How the West Really Lost God

By Mary Eberstadt

A new look at secularization.


For well over a century now, the idea that something about modernity will ultimately cause religion to wither away has been practically axiomatic among modern, sophisticated Westerners.1 Known in philosophy as Friedrich Nietzsche’s famous story of the madman who runs into the marketplace declaring that “Gott ist tot,” and in sociology as the “secularization thesis,” it is an idea that many urbane men and women no longer even think to question, so self-evident does it appear.2 As people become more educated and more prosperous, the secularist story line goes, they find themselves both more skeptical of religion’s premises and less needful of its ostensible consolations.3 Hence, somewhere in the long run — perhaps even the very long run; Nietzsche himself predicted it would take “hundreds and hundreds” of years for the “news” to reach everyone — religion, or more specifically the Christianity so long dominant on the Continent, will die out.

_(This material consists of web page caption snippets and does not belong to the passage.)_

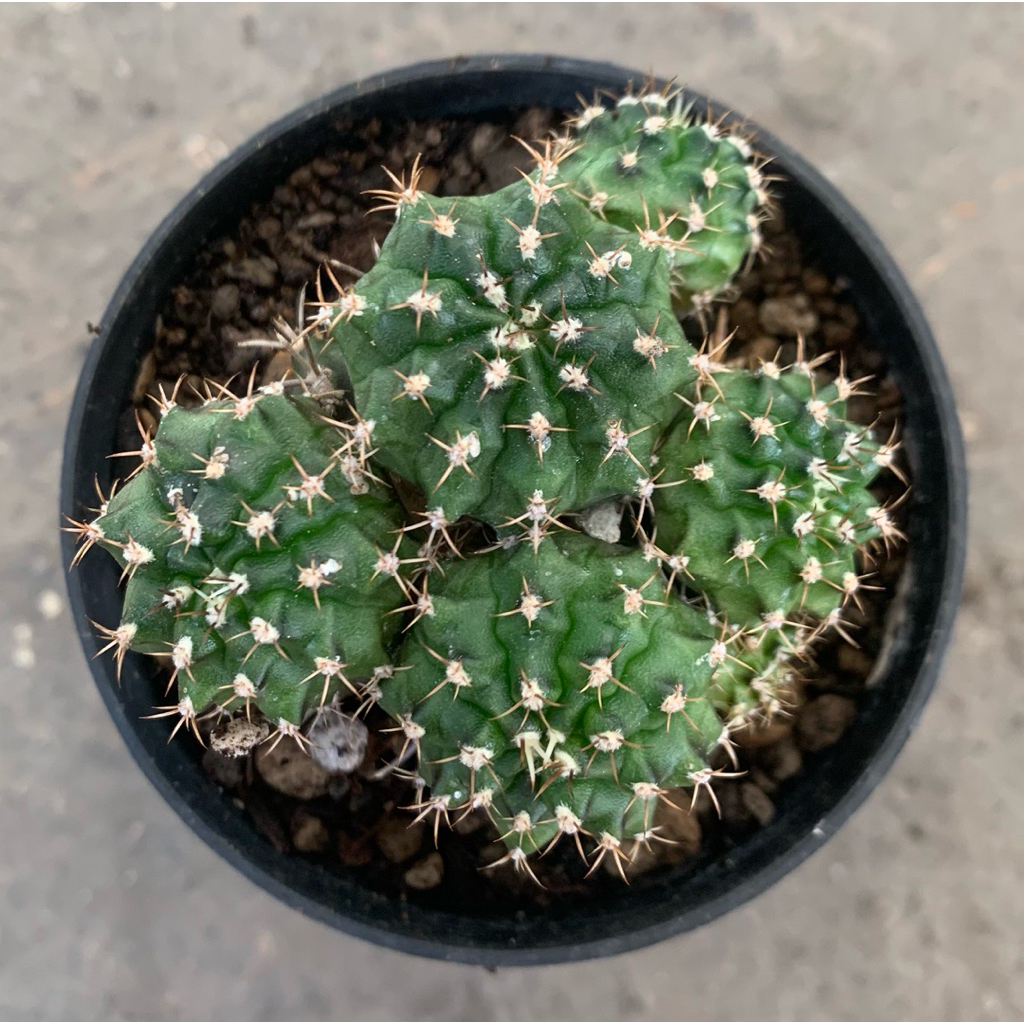 Gymno Miha Hybrid Clusters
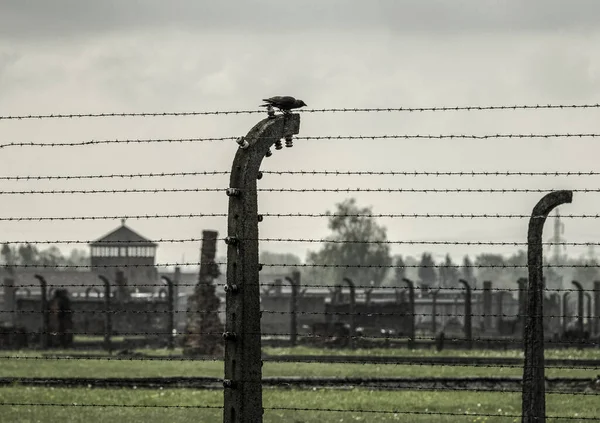 Arame Farpado Nuvens Escuras Céu Campo Concentração Auschwitz Birkenau Polónia — Fotografia de Stock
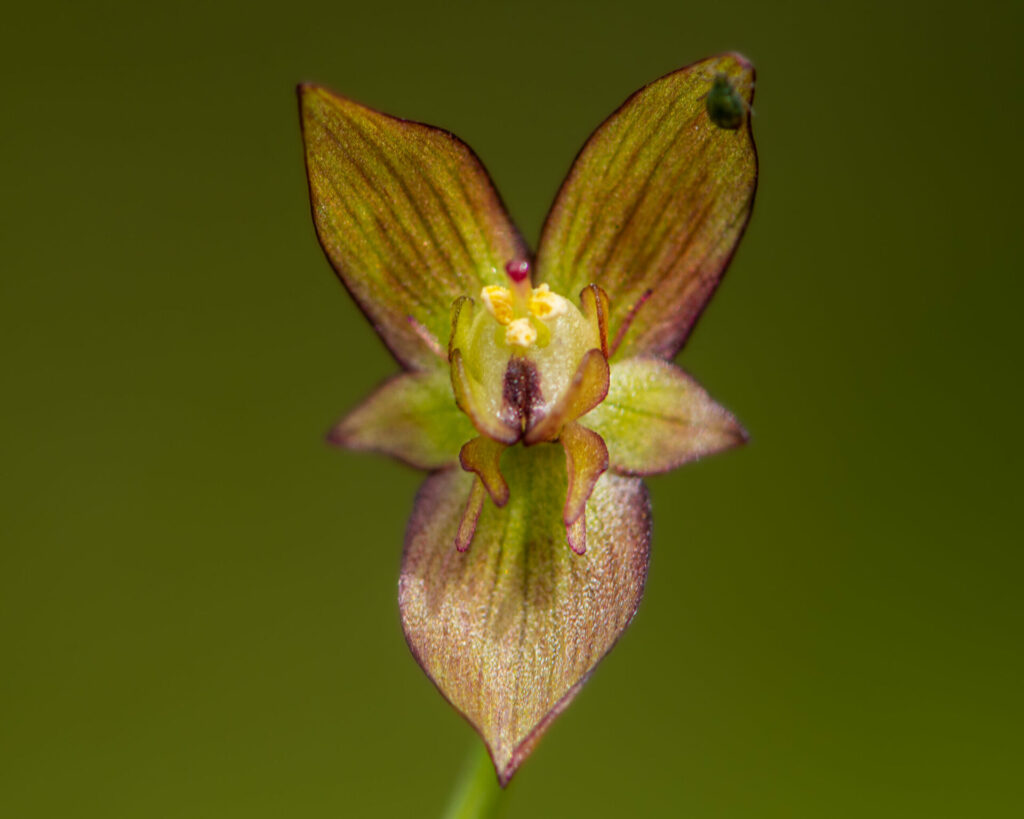 Gilliesia graminea. Créditos: ©Nicolás Villaseca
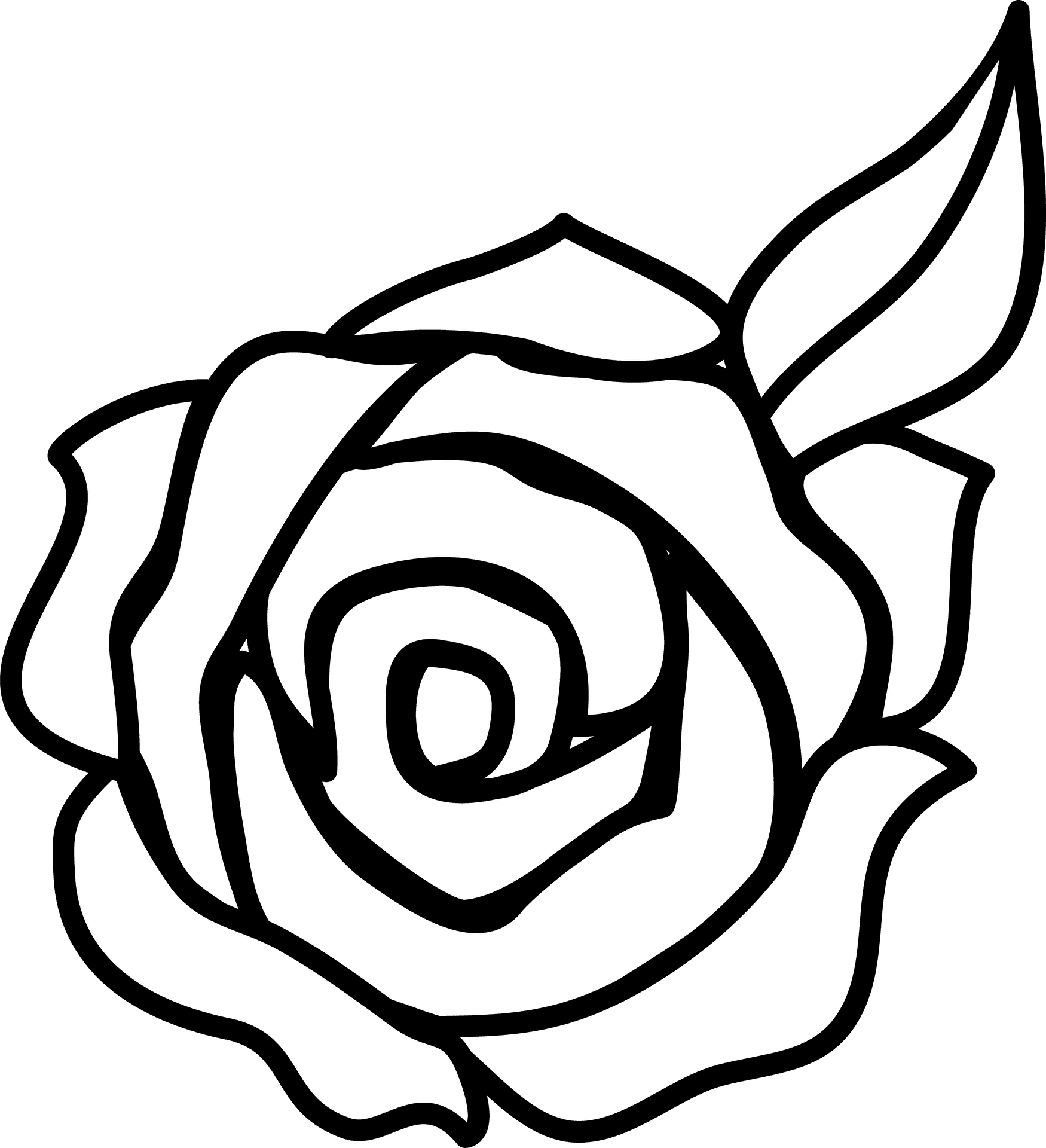 rose line drawing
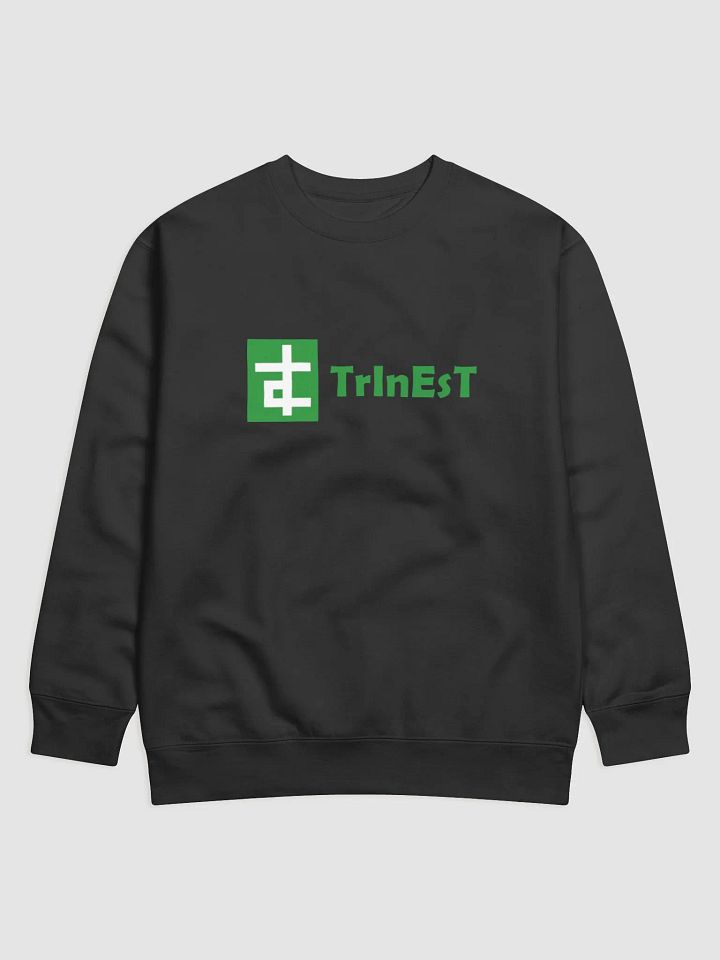 Logo Jumper product image (1)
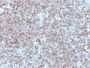 MHC II (HLA-DP) (beta chain)(Bra-14), CF647 conjugate, 0.1mg/mL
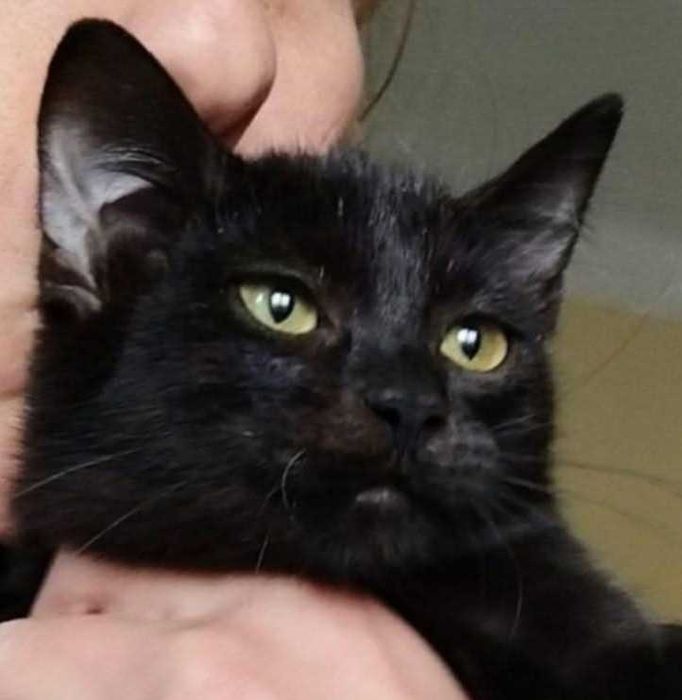 1-годишно момченце от Враца търси ДОМ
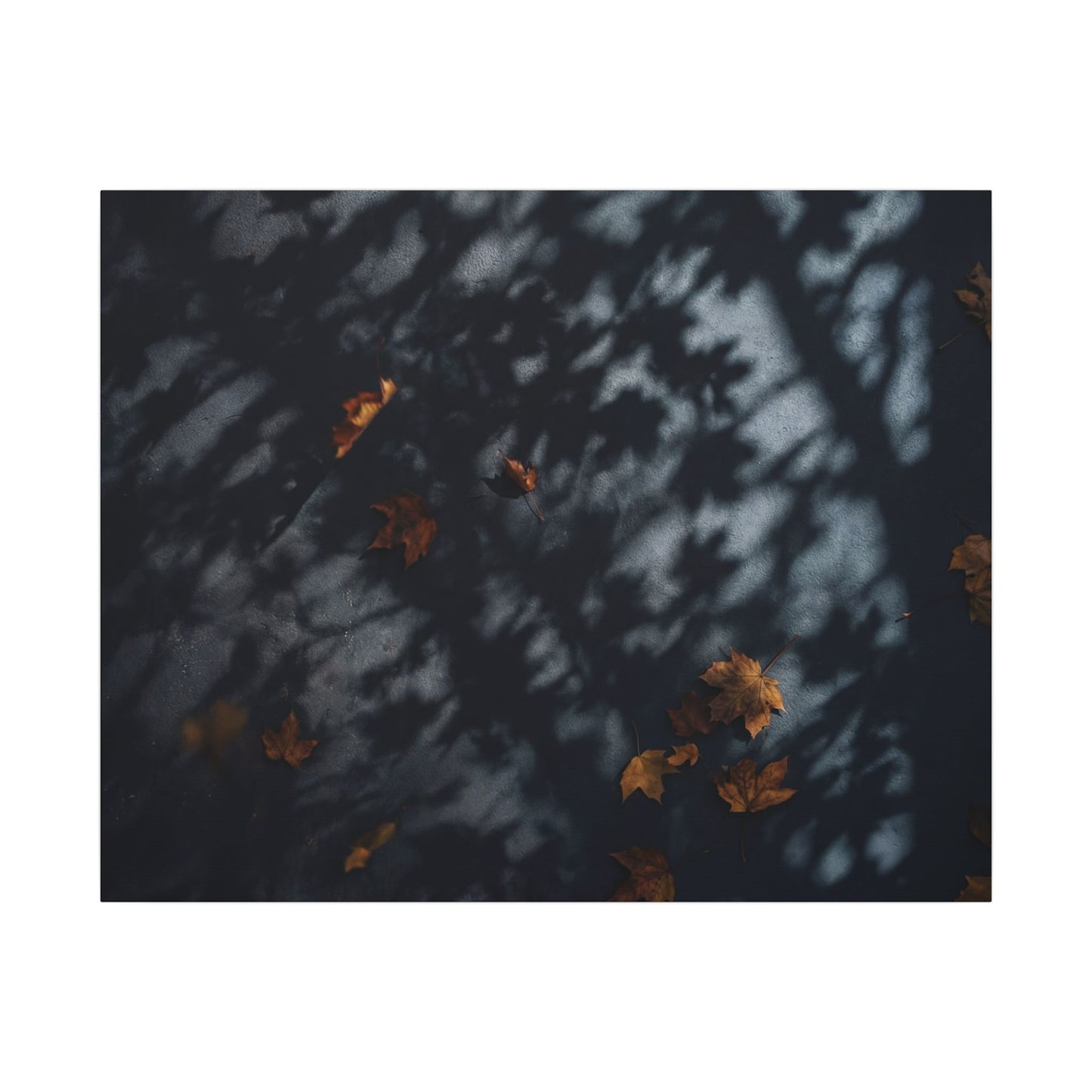 Autumn Shadow Play Shadow Zen Canvas Art | Atmospheric Decor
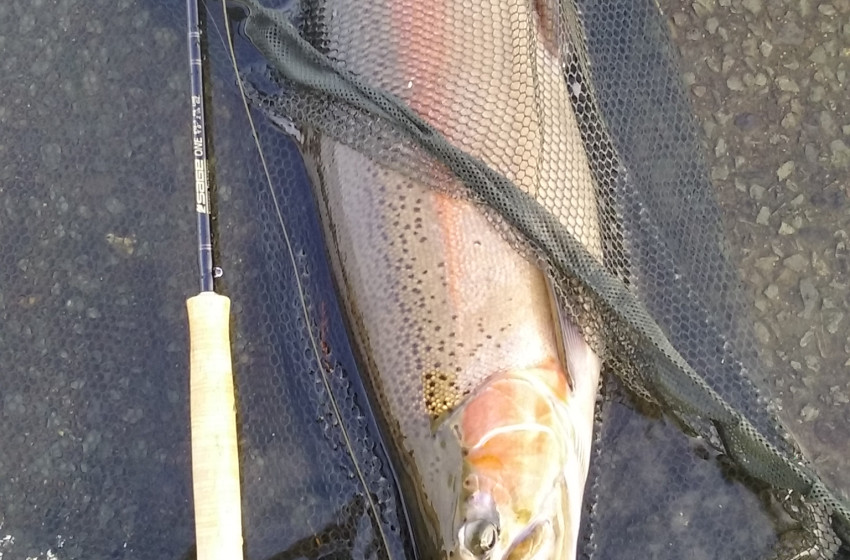 Auckland/Waikato Reel Life September 2018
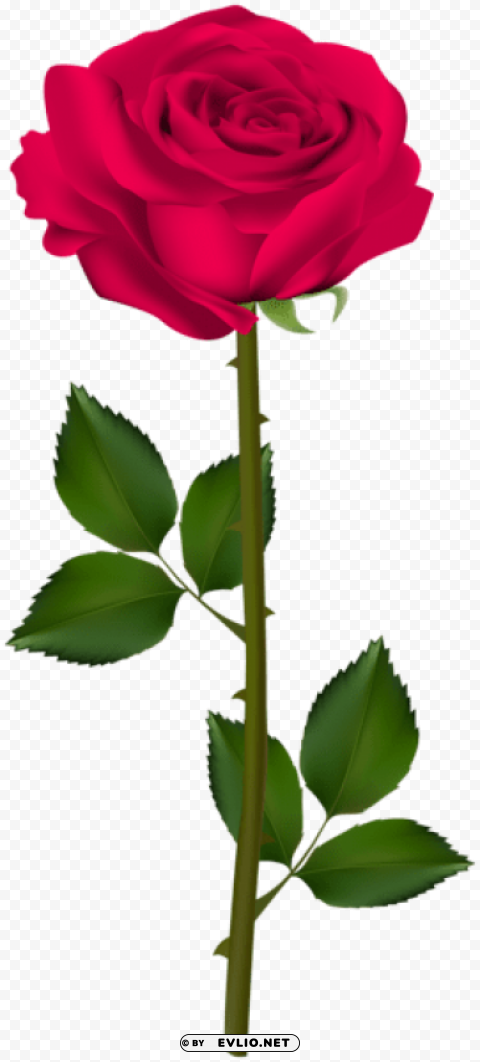 pink rose transparent PNG Image Isolated with HighQuality Clarity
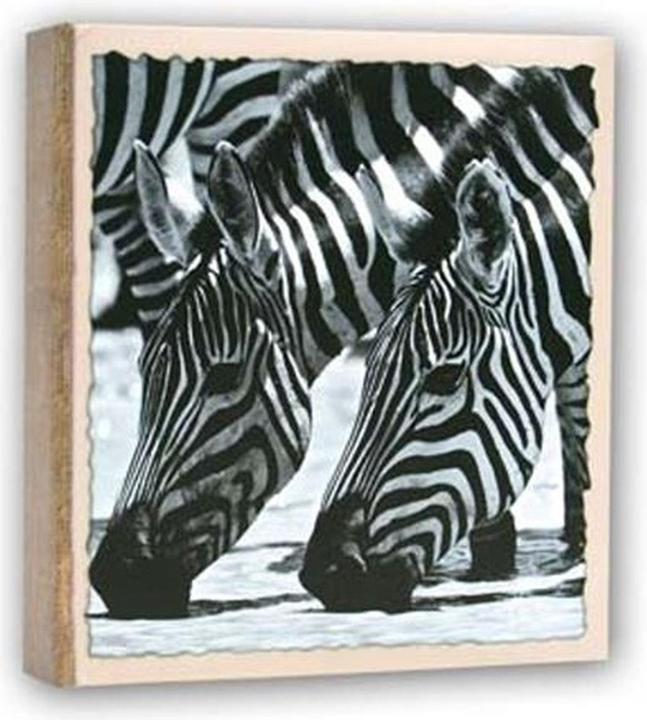Immagine prodotto ZEP WL57100 Album Slip-in 100 foto 13x19 cm - 12 album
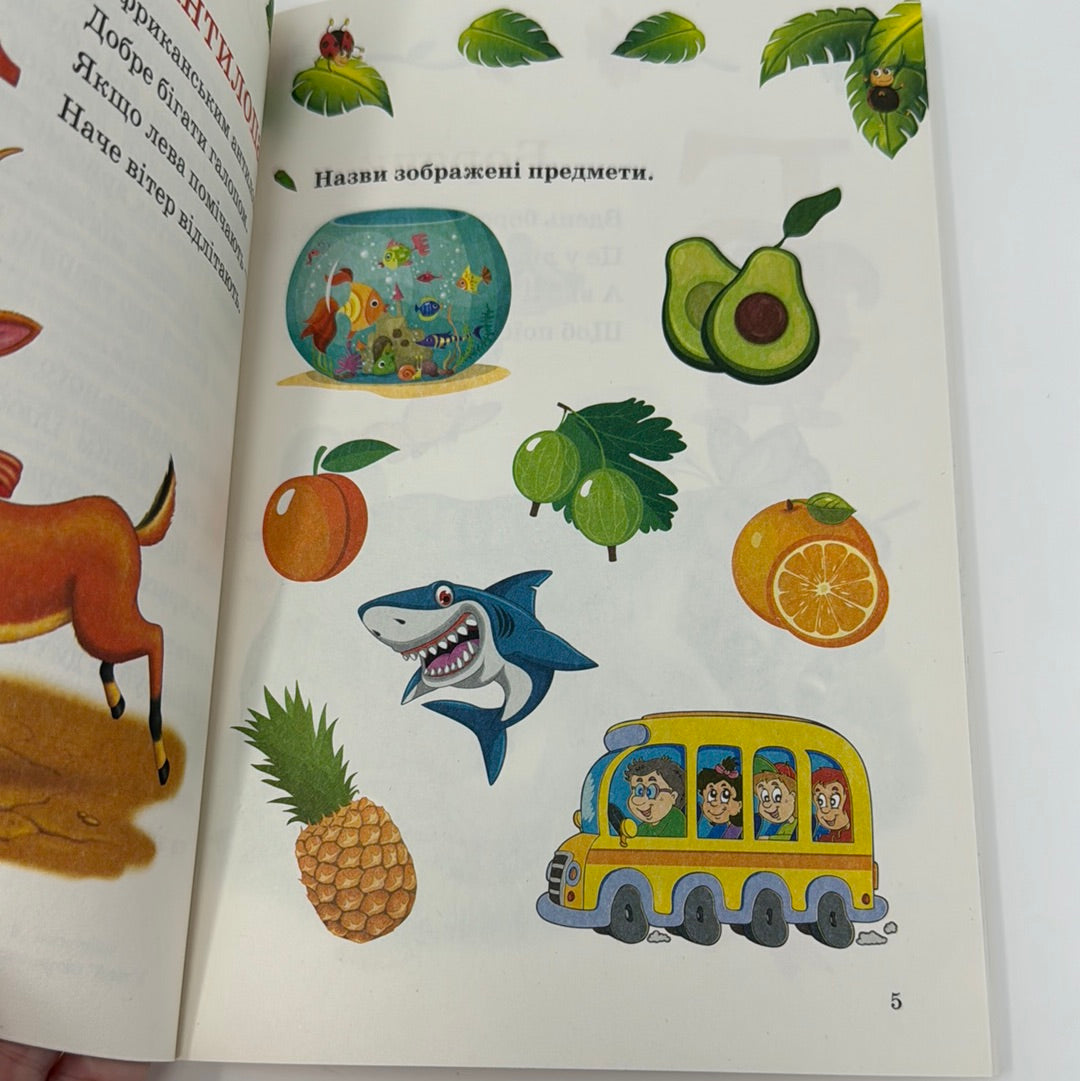 Пухнаста абетка й лічба / Українські книги для дітей в США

As everybody also knows, much about the current scene would seem to clinch the point, at least in Western Europe. Elderly altar servers in childless churches attended by mere handfuls of pensioners; tourist throngs in Notre Dame and other cathedrals circling ever-emptier pews roped off for worshippers; former abbeys and convents and monasteries remade into luxury hotels and sybaritic spas; empty churches here and there shuttered for decades and then re-made into discos — even into a mosque or two. Hardly a day passes without details like these issuing from the Continent’s post-Christian front.4 If God were to be dead in the Nietzschean sense, one suspects that the wake would look a lot like this.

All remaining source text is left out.